━━━━━ Input data
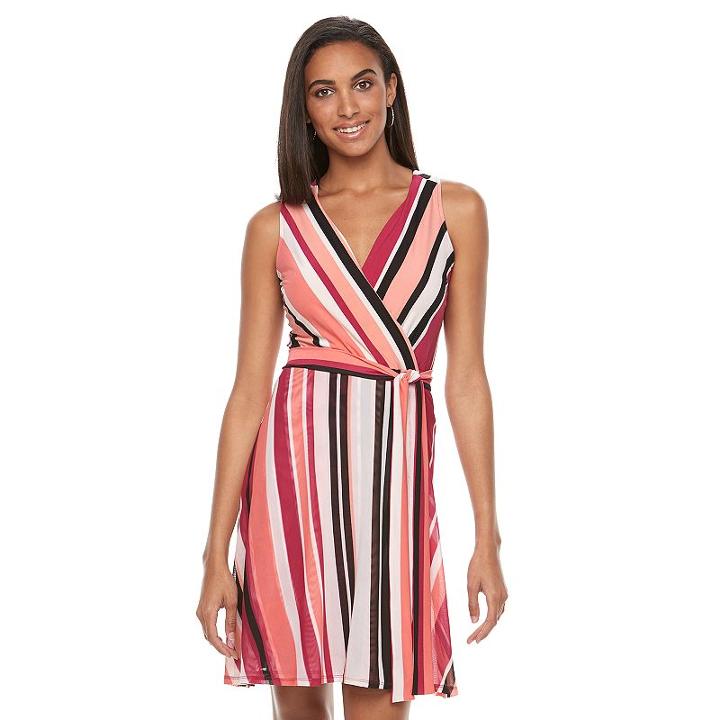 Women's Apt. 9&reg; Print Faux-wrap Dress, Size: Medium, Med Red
━━━━━━━━━━
━━━━━ Input data
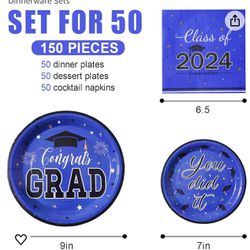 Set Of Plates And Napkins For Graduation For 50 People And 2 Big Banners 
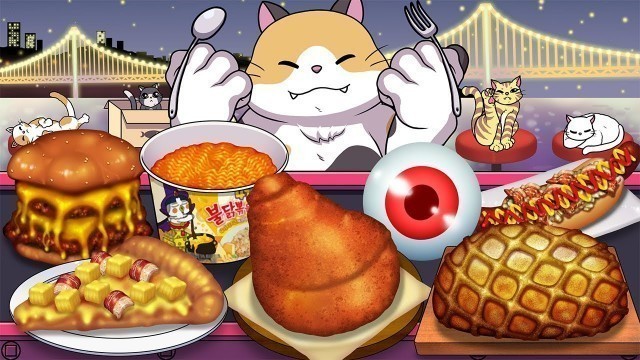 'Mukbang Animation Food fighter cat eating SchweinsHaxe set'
━━━━━━━━━━
━━━━━ Input data
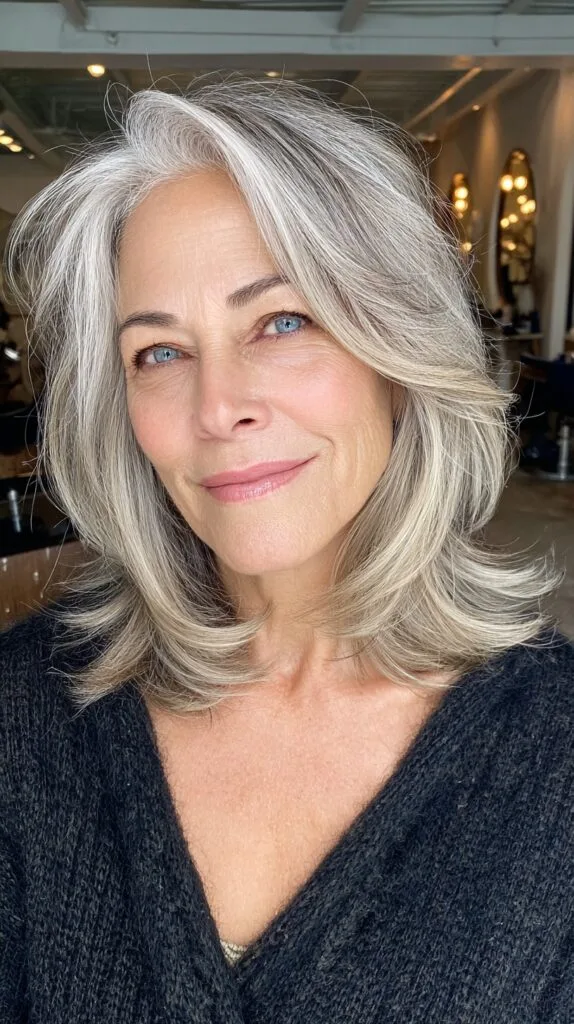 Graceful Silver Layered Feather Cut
━━━━━━━━━━
# Your assignment
Above are the records; copy from them only the lines starting at the one containing "Set Of Plates" and ending at the one containing "eating SchweinsHaxe set'", exactly and without pictures.

# Written answer
 Set Of Plates And Napkins For Graduation For 50 People And 2 Big Banners 
 'Mukbang Animation Food fighter cat eating SchweinsHaxe set'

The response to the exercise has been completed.